From: Flip (fliptomato_at_gmail.com)
Date: 12/29/04 

Date: Wed, 29 Dec 2004 17:44:09 +0000 (UTC)

Greetings, I have a few questions about fermion contraction in Feynman
diagrams as I read through chapter 4 of An Introduction to Quantum
Field Theory by Peskin and Schroeder.

(1) First of all, the contraction operator is defined on p. 116
equation (4.108) as the anticommutatior of a positive frequency spinor
with a negative frequency spinor. This leads to terms like psi*psi-bar,
where psi-bar is defined as the hermetian conjugate of psi times
gamma_0. I'm concerned about these terms because it seems like the
multiplication is "backwards" -- i.e. psi-bar*psi is reasonable because
it's the matrix multiplication of a row vector times a column vector
(with some 4x4 matrix in between); however, the term psi*psi-bar is the
multiplication of a column vector times a row vector times a 4x4
matrix. Is this still a reasonable scalar product?

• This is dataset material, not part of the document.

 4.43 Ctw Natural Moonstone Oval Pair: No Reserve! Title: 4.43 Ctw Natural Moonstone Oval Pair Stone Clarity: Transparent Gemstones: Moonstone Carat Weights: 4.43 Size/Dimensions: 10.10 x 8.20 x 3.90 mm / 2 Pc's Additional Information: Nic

(2) That being said, I realized that I really did not understand these
fermion contractions when I got to p. 120 equation (4.120), where P&S
describe the amplitude for a closed fermion loop. For such a loop, one
ends up evaluating a series of contracted spinor which ends up yielding
a trace of propagators. However, I'm confused how the series of
contracted spinors yields a trace at all. (The minus sign is
understandable from the anticommutation relations.) How is the series
of contracted spinors even a "matrix" ?

(3) A page before (p. 119), P&S say "Note that in our examples the
Dirac indices ((what Dirac indices?)) contract together along the
fermion lines." I assume this is a statement about the order in which
fermions are "translated" into their mathematical amplitude... i.e.
backwards along fermion lines. I'm just not sure how this is *derived*
in the context of the book. ((In fact, I wasn't satisfied with it's
"derivation" in Griffiths, either.)) Is this rule a consequence of the
ordering of contraction operators? I.e. Contraction operators have to
be nested within one another, and this is what gives the ordering? (I
still don't see *how* though...)

Any assistance would be much appreciated!
Thanks much,
Flip
flipt *at* stanford *dot* edu

post script: I posted a similar (though not exactly the same) message
at http://www.physicsforums.com/showthread.php?t=58051 which has some
embedded LaTeX, if that helps readability, I'm not sure if this is a
violation of decorum by dual-posting to a usenet and non-usenet board
(in which case I apologize).